I find this point interesting. I had always wondered about it, and so I asked one of the vendors straight out why they asked for so much money.
"I think this is normal. I hear that in other places the natives are not treated like the tourists, and here in Egypt too. Like the museum or the Cairo Tower, they view it as a problem because it is not legalised on paper right here," vendor Mina Boulos replied. "It would be a lot smarter, though, for them to have a united quota of how much money to ask for each activity, and this way it would seem professional and civilised rather than a big chaos."
Worst of all is when a vendor tries physically to touch a tourist, which happens constantly. This grabbing a shoulder and pulling a person towards a certain stand is viewed completely differently through the eyes of each of the parties involved.

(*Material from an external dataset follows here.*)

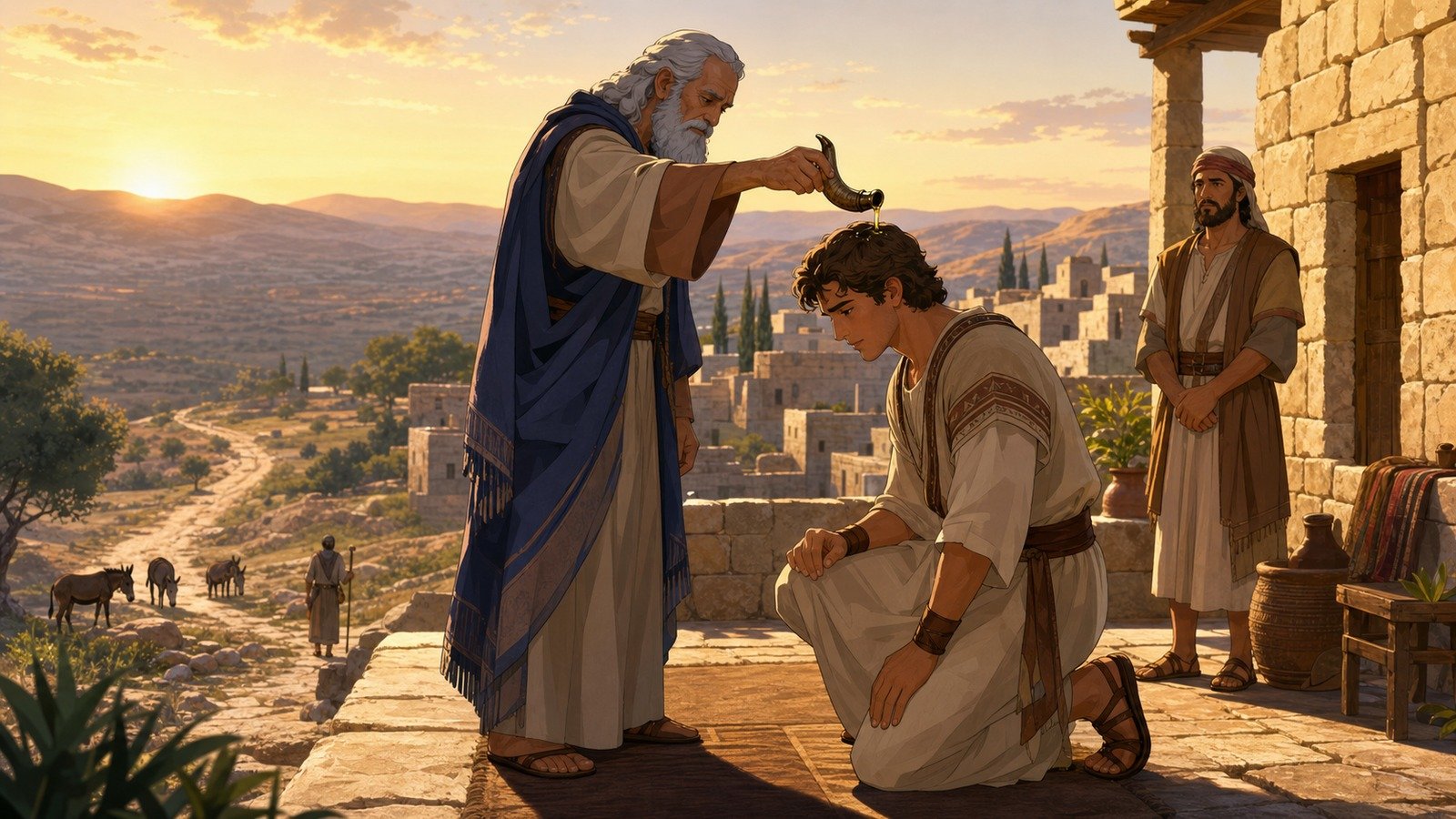 Illustration: Samuel privately anoints Saul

On the one hand the vendor is trying out of desperation to persuade the tourist to buy his products rather than the other man's, but he does not understand that this gesture is not considered acceptable in other cultures. On the contrary, the tourist sees that touch as a form of physical aggression.
"What really got on my nerves was when one of the men tried to pull me to see something. I couldn't control myself any more and screamed my guts out," tourist Victoria Engue told me as she boarded the bus back to her hotel.
When I tried talking to the vendors, all they wanted to discuss was how little they were making in a week, and how most of them were looking to put bread on the table. They also faced the problem of being constantly chased by the police for their licences and registrations, which most of them do not have because they cannot afford to be registered because they would have to pay taxes.
"See, to get rid of us they say that we should stay away now with our horses and camels, because of a new development project, but after the revolution no one says anything. The policemen themselves sometimes don't find anything to do for days, and they just sit there too," another vendor, Mansour Arabi, said. When I asked about the way they approached people, they claimed that otherwise the tour guides said how much of a rip-off they were, and said they would not get any money out of them.
Tourists love coming here, but they surely do not understand why the vendors enter their peaceful space and ruin their enjoyment. It would be best for both to find a middle ground. Whereas the tourist might tolerate relatively bearable interruptions, the touts need to be more discrete by listening to what the tourist wants. It does not have to be a battle.